My classmates and I arrived at the retreat center, shared a meal, and discussed a few guidelines for the weekend. In the first evening, the silence felt familiar; my room was lit by candlelight while I read from the Scriptures. But, by midmorning on the second day, I found myself restless and bored, busying myself by walking from one place to another. I may have had an exterior silence, but inside my mind, I saw the ordinary ever-present chaos. I felt it in my inability to stay in one place for more than an hour at a time. I was uncomfortable. There was no place to hide from the reality of my thoughts. Needless to say, I didn’t come to any new and profound answers concerning my vocation.
Instead, I began to appreciate the importance of cultivating silence, not only once a year for 36 hours, but regularly, daily and weekly. After returning to seminary with its social, intellectual, and liturgical obligations, I longed for the silence that I had experienced on retreat. Not necessarily the exterior silence, but I pined for those brief moments of interior stillness.
I suppose that I am not alone in the constant struggle for control over my attention. Advertisers on television and social media vie for a piece of my time, my thoughts, and my wallet. More willingly, my students, my coworkers, friends and family demand my attention in their presence for the sake of charity. Then, within myself, images from the past and hopes for the future, concepts and judgments about the world around me, press in upon my mind. Yet, I know the Scripture, “Be sober, be watchful. Your adversary the devil prowls around like a roaring lion, seeking some one to devour” (1 Peter 5:8).
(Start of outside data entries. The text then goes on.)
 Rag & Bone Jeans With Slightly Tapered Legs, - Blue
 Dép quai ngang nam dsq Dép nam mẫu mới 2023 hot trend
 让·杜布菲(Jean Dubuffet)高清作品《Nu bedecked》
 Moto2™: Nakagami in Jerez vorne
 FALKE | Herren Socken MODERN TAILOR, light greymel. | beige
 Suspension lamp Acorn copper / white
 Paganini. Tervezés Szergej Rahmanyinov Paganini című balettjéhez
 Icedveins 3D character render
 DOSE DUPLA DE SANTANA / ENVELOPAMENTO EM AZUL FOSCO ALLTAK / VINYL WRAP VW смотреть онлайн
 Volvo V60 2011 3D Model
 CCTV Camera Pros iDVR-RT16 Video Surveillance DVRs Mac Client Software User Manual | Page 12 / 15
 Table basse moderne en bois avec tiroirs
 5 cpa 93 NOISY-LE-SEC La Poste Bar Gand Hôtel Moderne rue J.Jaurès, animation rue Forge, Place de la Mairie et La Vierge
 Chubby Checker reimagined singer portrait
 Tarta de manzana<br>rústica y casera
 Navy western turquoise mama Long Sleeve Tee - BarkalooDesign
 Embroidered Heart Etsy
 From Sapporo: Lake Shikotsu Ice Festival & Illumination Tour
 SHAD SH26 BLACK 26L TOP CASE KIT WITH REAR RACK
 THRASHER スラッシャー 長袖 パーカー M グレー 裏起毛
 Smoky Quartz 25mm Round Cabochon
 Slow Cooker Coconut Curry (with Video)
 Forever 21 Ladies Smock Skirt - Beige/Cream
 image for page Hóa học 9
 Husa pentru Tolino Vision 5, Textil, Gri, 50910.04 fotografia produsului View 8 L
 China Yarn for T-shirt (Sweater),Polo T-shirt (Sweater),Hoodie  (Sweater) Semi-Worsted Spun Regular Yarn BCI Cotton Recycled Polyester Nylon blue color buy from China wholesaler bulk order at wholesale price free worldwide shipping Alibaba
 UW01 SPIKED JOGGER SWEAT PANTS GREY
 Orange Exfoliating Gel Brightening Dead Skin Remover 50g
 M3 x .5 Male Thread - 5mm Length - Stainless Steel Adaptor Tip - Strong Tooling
I think that the antidote to a state of dispersed attention (a kind of “mental drunkenness”) is to cultivate interior silence through frequent prayer. By remembering the ever-present God and the occasional calling to mind of the inevitable end of this earthly life, the unfathomable depth of the interior life unfolds beneath the mind’s eye. To attend to the interior life is to invite God to heal the soul. Through interior stillness we can set our mind over our heart as a sentry, as a watchtower, to permit thoughts of love to enter and take root, and deny a seat for the thoughts that lead to sin. By creating space in daily life for interior attention and watchfulness, the fallen, corrupted, and darkened heart is healed and made luminous, thoughts and habits are managed, and, by grace, the whole person is brought toward a life lived in union with God.
The human heart is a battleground. The Name of Jesus is our most powerful weapon. Throughout the history of the Church, faithful men and women have used short prayers like a relentless flood of arrows throughout the day. Short prayers were said while walking, sitting, talking, eating, and working. The words would call the mind to an awareness of the presence of God, who is everywhere present and filling all things, whether we recognize His presence or not. Short passages from the Scriptures were frequently repeated for meditation in order to cultivate a relationship with Christ. In the Eastern Churches, the Jesus Prayer eventually became the standard, “Lord Jesus Christ, Son of God, have mercy on me a sinner.”
Fixing the attention on the presence of God through these short prayers leaves the mind a little clearer. Then the heart settles into a kind of stillness, and each intrusive thought becomes known to the consciousness. Then each thought can be judged as good or bad. We can accept the thought if good, and dash it against the rock of Christ if bad: “Lord Jesus Christ, Son of God, have mercy on me a sinner.” Over time, the soul gains skill in guarding the heart, and the grip of the vices, the habits and tendencies toward sin, begin to lose their hold.
But, this movement of the human person from slavery to sin toward an interior freedom is nearly impossible without cultivating periodic moments of silence. In the busyness of daily life, sinful thoughts take root in the heart unnoticed. Without attention to ourselves, we risk an unchecked expression of the fallen and unhealed drives of our human nature. Silence, stillness, and the interior freedom that follow allow the Christian soul to tread lightly and joyfully upon the earth. In this state, we taste paradise and the garden of delight that God originally intended for His beloved creatures.